Minnesota's agricultural economy has been rattled by President Donald Trump's trade war with China and the resulting drop in exports of key commodities, including soybeans and pork. However, Walz said, they heard that opportunities for increased agricultural exports to Japan are limited. He said U.S. embassy staff told them the Japanese market doesn't have the capacity to absorb much more.
"I was making the pitch — and I think others have been — is there capacity for them to pick up more? It doesn't sound like it in Japan," the governor said.
He added that they didn't have the chance to discuss farm exports in any depth during their one-day stop in Seoul, which included an hour-long meeting with the U.S. ambassador to South Korea, Harry Harris.
"There's just no substitute for 1.6 billion consumers, who are hungry, to get our China trade negotiations normalized," he said. "There's not enough market in the rest of the world to absorb our capacity."

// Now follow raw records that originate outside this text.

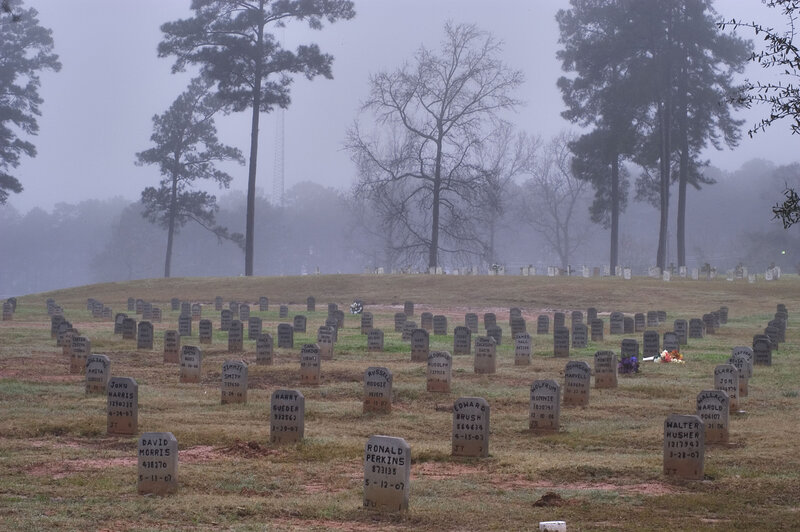Foggy cemetery with gravestones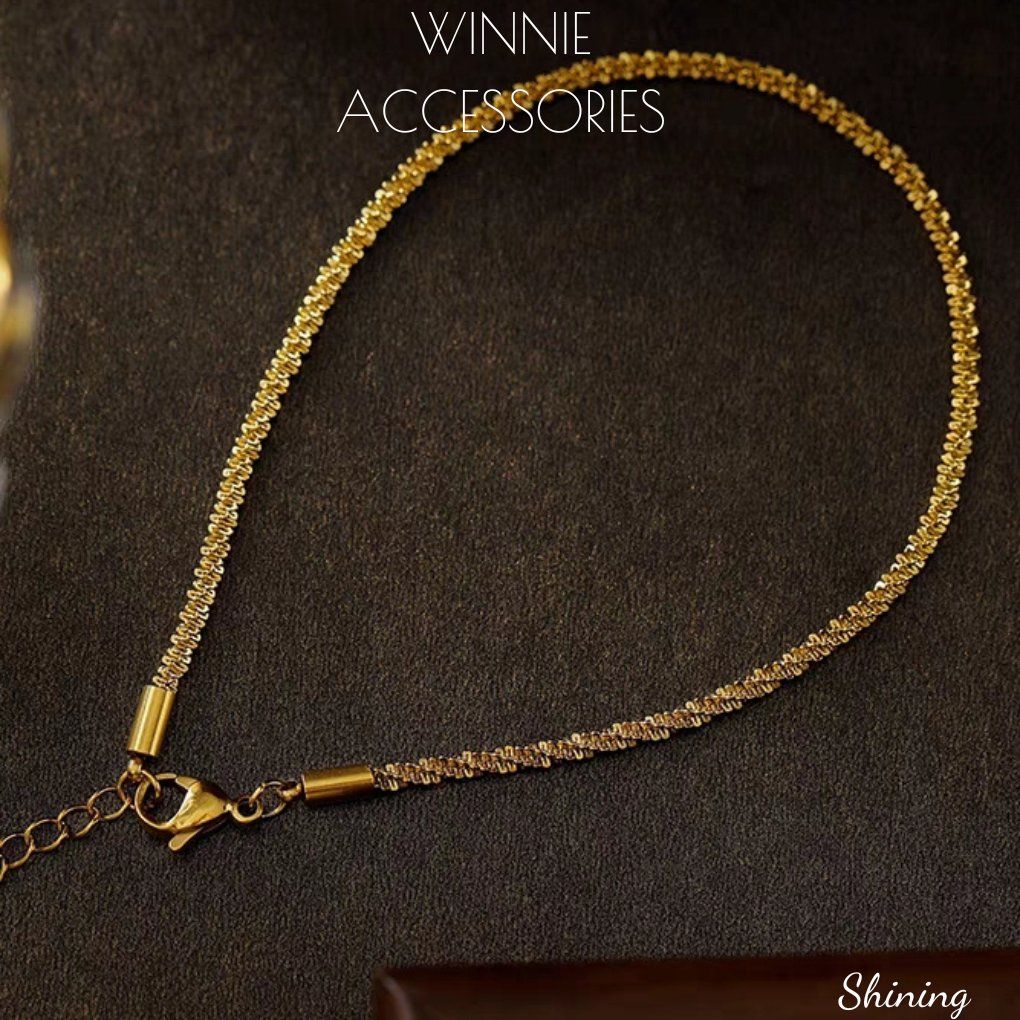 Lắc chân titan Shining VG
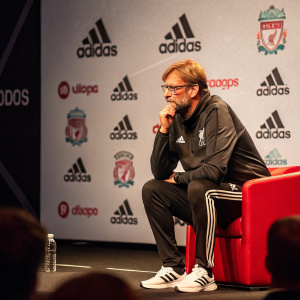 Jürgen Klopp, seated on stage, during a Liverpool FC press conference. Backdrop features logos of Adidas and EA Sports. Candid moment with a thoughtful expression.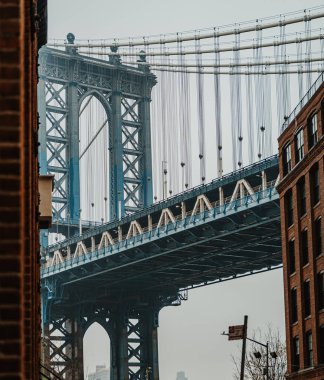 Şehirdeki caddeden Manhattan Köprüsü 'nün manzarası. İnsanlar bulutlu bir günde Manhattan Köprüsü 'nü izlerken binaların yanında yürürler..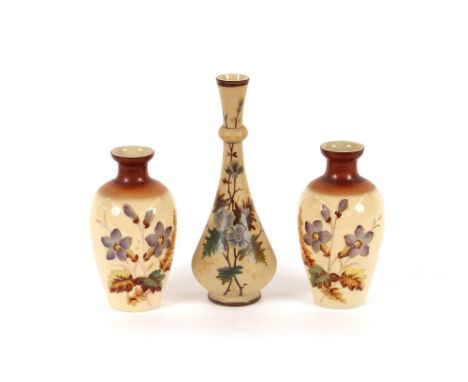 A pair of Victorian opaque glass vases, with enamel decoration of flowers; and another similar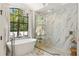 Stunning bathroom featuring a soaking tub, glass-enclosed shower, and contemporary chandelier for a spa-like experience at 5850 Saddle Oak Trl, Sarasota, FL 34241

The Democratic governor said the trip reinforced his view that relationships matter when it comes to trade.
"At a time of chaos and unrest in trade," he said, "our Japanese and South Korean partners are looking for solid relationships with states, and Minnesota in particular, that share their values."
Walz and Economic Development Commissioner Steve Grove met with officials from Minnesota companies already doing business in Japan, including Medtronic, 3M and Boston Scientific. They also met with Korean companies with investments in Minnesota, including Doosan Group, which owns the Bobcat construction machinery company in Owatonna, and South Korea's largest food manufacturer, CJ CheilJedang Group, which owns the Schwan's food company in Marshall. They also met in Japan with officials from Kito Corporation, which owns Peerless Chain in Winona.
They also hosted a meeting with 40 companies in Japan that don't currently do business with Minnesota. Grove said conversations with them will continue.
Walz was one of five Midwest governors who attended the 51st Midwest U.S. Japan Association Conference in Tokyo during his trip. He said it was first time in nine years that Minnesota had participated in the conference.
"I think we will see some fruitful investments and an expansion about how Minnesota is viewed," he said.